Les Verts comme les autres partis politiques ont une responsabilité dans ce domaine, mais les Verts ont une responsabilité particulière, l’aspect libertaire de notre tradition est essentiel. Résister à la sécurisation et à l’étouffement de la démocratie c’est aussi garder des espaces de liberté. Gilles a parlé des fauchages d’OGM, moi je n’ai jamais oublié que des gens pendant la guerre ont pu résister grâce à des faux papiers, la biométrie, les choses infalsifiables et les lois qui ne peuvent jamais être franchies, c’est parfois aussi un danger pour la démocratie.

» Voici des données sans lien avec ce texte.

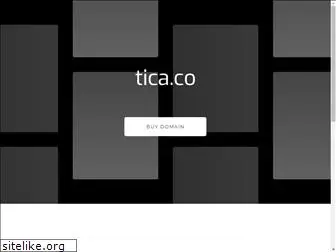 tica.co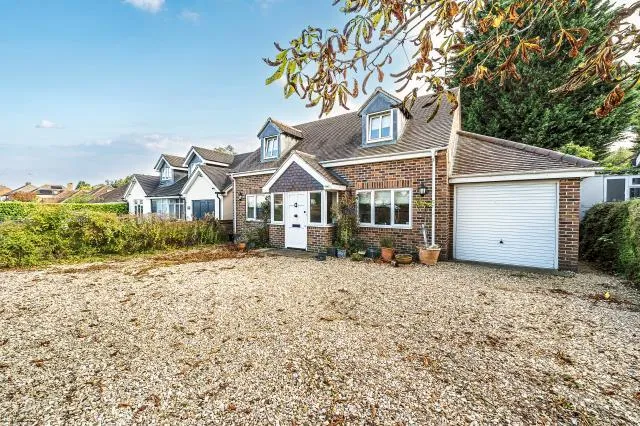 Fernhill Road, Begbroke, OX5, photo 15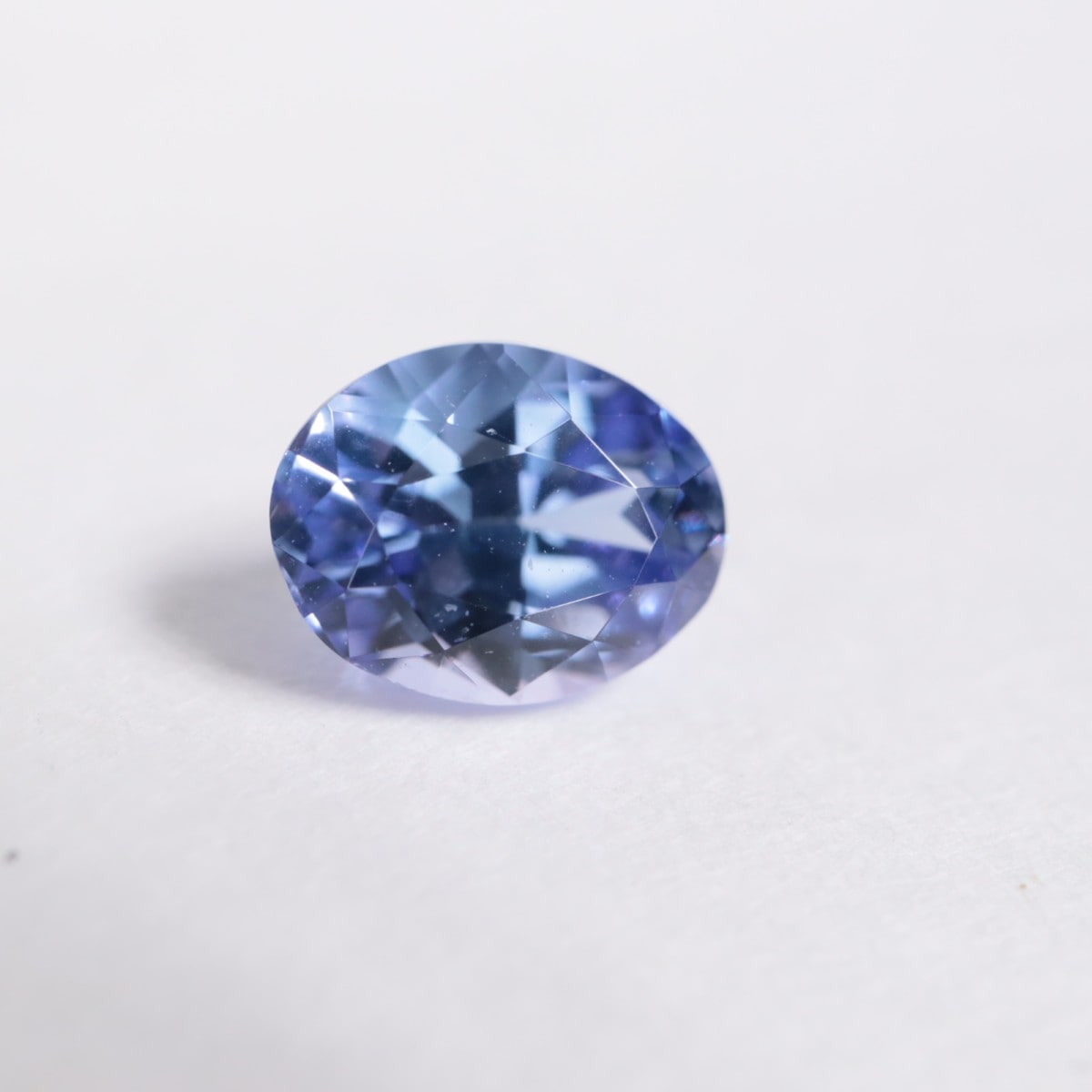 ���󥶥˥��������󥶥ʥ��ȡ�0.80ct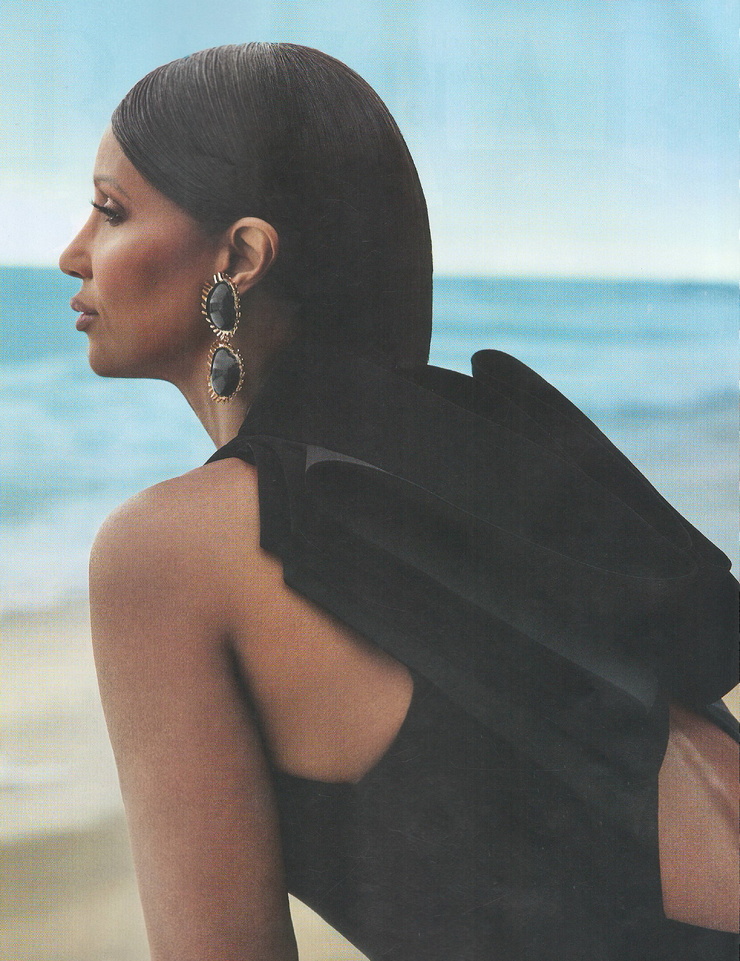 Iman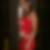 Profilbild von Sandra Bambach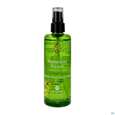 Sie sehen eine Packung Primavera Bio Pflanzenwasser Hamamelis 100ml, Produktbild: 02 Primavera Bio Pflanzenwasser Hamamelis 100ml, A-Nr.: 2859904 - 02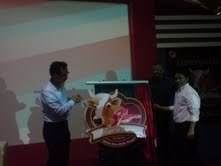 BUMN Ini Jual Daging Lebih Murah dari Pasaran, Rp 70.000/Kg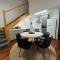 5@CapeView, beachfront Geographe Bay - Басселтон
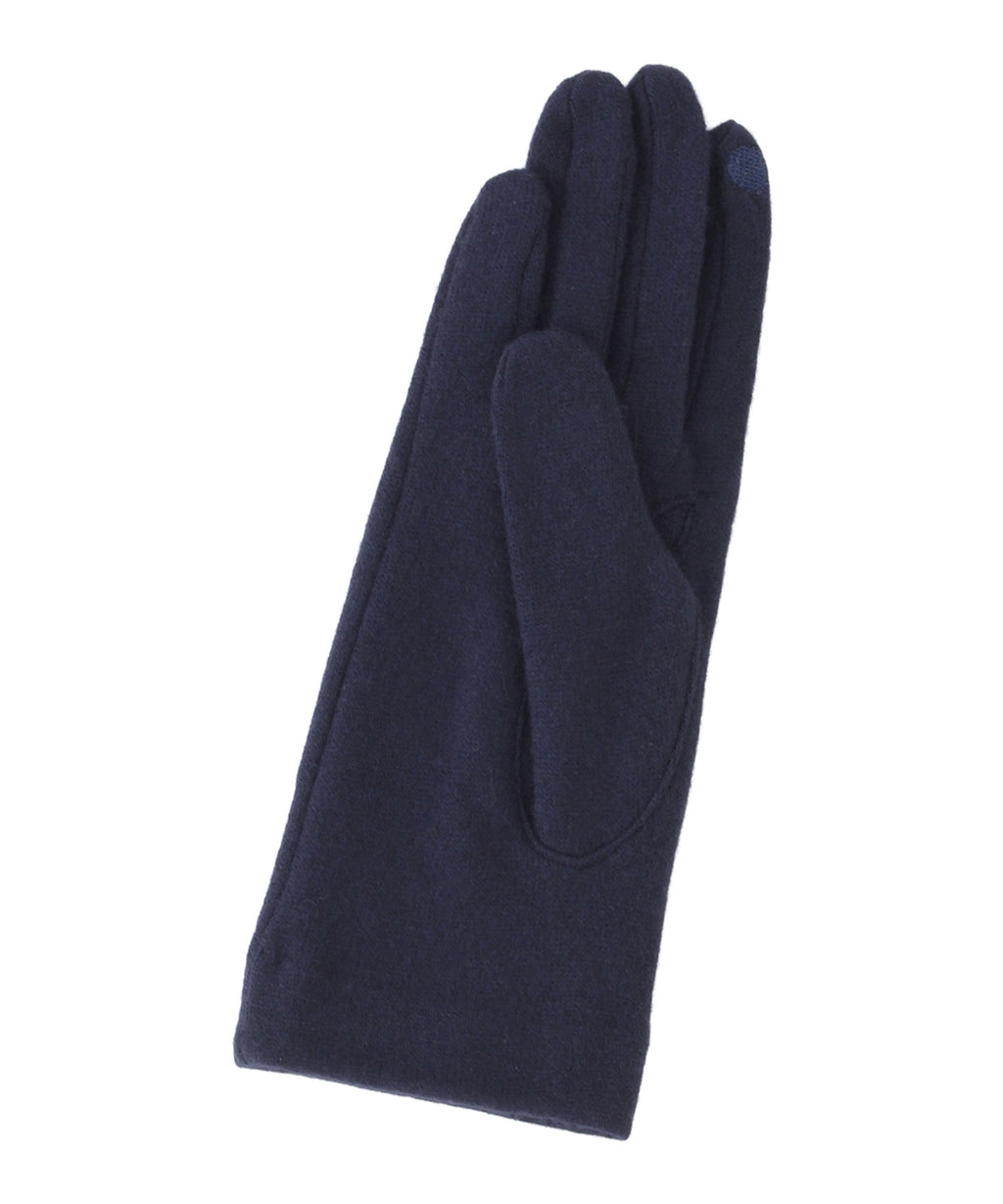 FURLA GLOVES FRJ265390T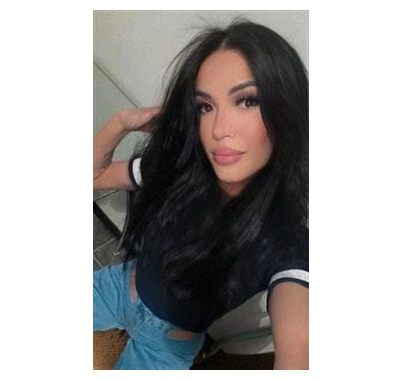 Full Body Massage In Mile End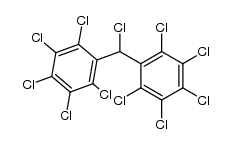 33119-38-9 structure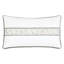 Wilder Lumbar Pillow Cover & Insert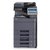 Kyocera TASKalfa 6004i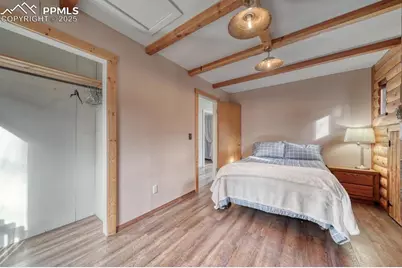 21303 Highway 96, Wetmore, CO 81253 - Photo 26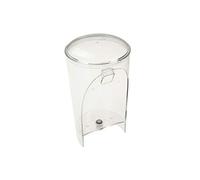 DeLonghi Tanque Agua Máquina Café Dolce Gusto Pequeño XS EDG210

Tout cela repose sur un contrôle citoyen, par les élus, par le parlement, et aussi par un contrôle au plus près des lieux où ça se passe. Véronique Dubarry a parlé des contrats locaux de sécurité, les Verts ont la démocratie participative au cœur de leur projet politique. J’ai entendu parler d’échevinage, mais on a fait peu de travail collectif au niveau local sur ces questions là, pourtant les gens sont beaucoup plus ouverts que ce qu’on pourrait croire sur ces questions. Si on leur montre que des solutions fonctionnent et que d’autres solutions avancées aujourd’hui ne fonctionnent pas, et le débat sur les chiffres n’est pas inutile, l’audience d’une parole différente est beaucoup plus grande que ce qu’on imagine.

Il est indispensable qu’il y ait un sursaut, si on laisse les choses continuer à dériver il sera extrêmement difficile de revenir car plus personne n’osera et le chemin sera trop long. Nous sommes vraiment à une période assez critique où on a besoin de tout le monde pour une réaction assez vive sans avoir peur, on aurait tort d’avoir peur en disant les choses assez fermement. Sur la nécessité de la préservation des libertés publiques on peut être entendu beaucoup plus que ce qu’on croit.